The parts marked with an asterisk (*) do not come with the standard SparkFun Inventor’s Kit but are available in the separate add-on kit.
• One SparkFun RedBoard (DEV-13975), Arduino Uno (DEV-11021), or another Arduino-compatible board
• One USB Mini-B cable (CAB-11301 or your board’s USB cable; not shown)
• One solderless breadboard (PRT-12002)
• One mini breadboard (PRT-12043*; not shown)
• One RGB LED, common cathode (COM-09264)
• Three 330 Ω resistors (COM-08377, or COM-11507 for a pack of 20)
• One 10 kΩ resistor (COM-08374, or COM-11508 for a pack of 20)
• One photoresistor (SEN-09088)
• Male-to-male jumper wires (PRT-11026)
• Short 4-inch male-to-male jumper wires (PRT-13870*)
• (Optional) Male-to-female jumper wires (PRT-09140*)
• (Optional) One 4 AA battery holder (PRT-09835*; not shown)
FIGURE 5-2: Components for the Night-Light
Other Materials and Tools
• Craft knife
• Metal ruler
• Glue (hot glue gun or craft glue)
• One sheet of cardstock (not cardboard), about 8.5 × 11 inches
• One sheet of white or translucent vellum, or standard copy paper, about 8.5 × 11 inches
• Enclosure template (see Figure 5-20 on page 144)
FIGURE 5-3: Recommended building materials for the Night-Light
You’ll be using two new components in this project: an LED that has three colors integrated into a single package, and a photoresistor. Let’s take a look at how these components work.
The RGB LED
If you’ve built any of the other projects in this book, then you already have experience with regular LEDs.
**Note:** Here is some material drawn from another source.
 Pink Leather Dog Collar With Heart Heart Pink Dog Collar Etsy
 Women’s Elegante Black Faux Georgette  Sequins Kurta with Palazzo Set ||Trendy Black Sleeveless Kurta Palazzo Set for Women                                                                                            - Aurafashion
The red, green, blue (RGB) LED shown in Figure 5-4 works very similarly. This LED is actually three LEDs in one package: one red, one green, and one blue. Each LED has its own positive (or anode) leg, but they all share a single negative (or cathode) leg, called the common cathode.
If you look closely at the LED in Figure 5-4, you’ll notice that the legs are all different lengths. With regular LEDs, the short leg is the negative leg, but with the RGB LED, the longest leg is the negative leg. The circuit diagram for this component is usually drawn like Figure 5-5. Notice that it shows three separate LEDs connected together, and they each share a single negative connection.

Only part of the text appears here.